Home > AI Solutions > Gen AI > White Papers > Maximizing AI Performance: A Deep Dive into Scalable Inferencing on Dell with NVIDIA > Use Case 1 - Single Model Baseline Test
To start the scaling process, we must first establish a baseline. The baseline starts with deploying a single model on a single GPU and measures the performance of this model. The results will serve as a reference point for evaluating the impact of scaling and different configurations on model performance. We will begin on a single PowerEdge R760xa and a single PowerEdge XE9680. We will run Llama 3 8B and 70B to test the performance of each model.
Goals:
XE9680-1xH100-Llama3-8B – This test consists of a single XE9680, with a single instance of Llama 3 8B running on a single H100 GPU. The other 7 H100s in this chassis are not used for this test. This test uses FloatingPoint 16.

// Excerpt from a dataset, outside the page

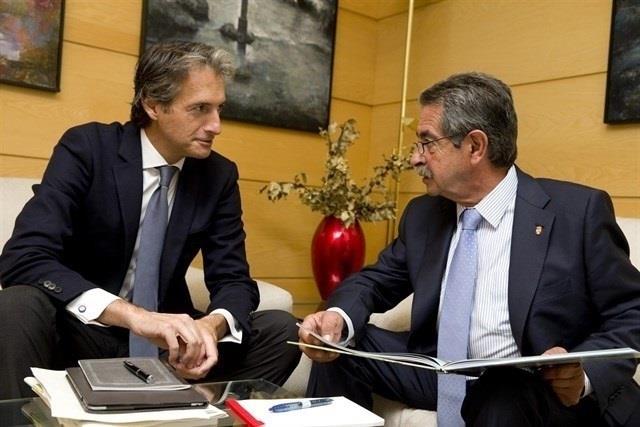 De la Serna se reúne con Revilla en el Gobierno (Archivo) | GOBIERNO - Archivo ep desernareunerevillagobierno archivo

XE9680-4xH100-Llama3-70B – This test consists of a single XE9680 with a single instance of Llama 3 70B running on 4 H100 GPUs. The other 4 H100s in this chassis are not used for this test. This test uses FloatingPoint 16.
R760xa-1xL40S-Llama3-8B – This test consists of a single R760xa with a single Llama 3 8B instance running on a L40S GPU. The other 3 GPUs in this chassis are not used for this test. This test uses FloatingPoint 16.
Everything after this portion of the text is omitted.